FOLIO Project Update – Week of June 17, 2019

The FOLIO Technical Council had several meetings at the FOLIO F2F event, primarily centered on Tech Debt and alignment with the Product Council. It presented its findings on Tech Debt to the Product Council.

The Consortia SIG held a “consortia implementers” workshop at the FOLIO F2F meeting (meeting notes). In the coming weeks, we’ll be working on a few follow-up activities: (1) codifying terminology around language related to multi-tenancy, (2) identifying/describing various tiers of resource sharing/ILL, (3) working on user stories and requirements for “unmediated cross-tenant borrowing”, and (4) discussing the LDP as it relates to consortia implementation models.

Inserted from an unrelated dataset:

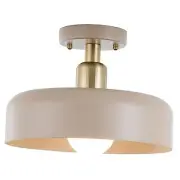 Contemporary Semi Flush Mount Ceiling Light Fixture, Brass Accent Ceiling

There were several Metadata Management SIG sessions at the FOLIO F2F meeting. They kicked off their capacity plan review process for Inventory (notes), talked about entity and identity management (notes), and ran an Inventory search bugfest for the Clover release. They also participated in cross-app discussions about Container records and met with the Reporting SIG.

The Sys Ops & Mgt SIG shared experiences and summaries of the FOLIO F2F meeting: They will use a container based reference deployment for FOLIO based on Kubernetes. This is where they will focus with documentation and “play books”. Dependency Resolution: they concluded that OKAPI should provide metadata via YAML for posting to Kubernetes and Rancher. Upgrading and updating: Cluster switching (blue/green upgrade pattern) will meet our requirements sufficiently. This is very high priority; it needs to happen very soon. Furthermore, they want to lower the barriers to entry and create a sandbox environment. Kubernetes might be too complex for this. It currently uses too much memory. Technical debt needs to be resolved as well. Main conclusions from Data Migration sessions:

  1. Need bulk API’s for loading data.
  2. MARC data is the most complex that needs to be mapped to the inventory data model.  The mapping currently can’t be easily modified.
  3. Matching records and maintaining relationships between barcodes, overlay, deltas, etc.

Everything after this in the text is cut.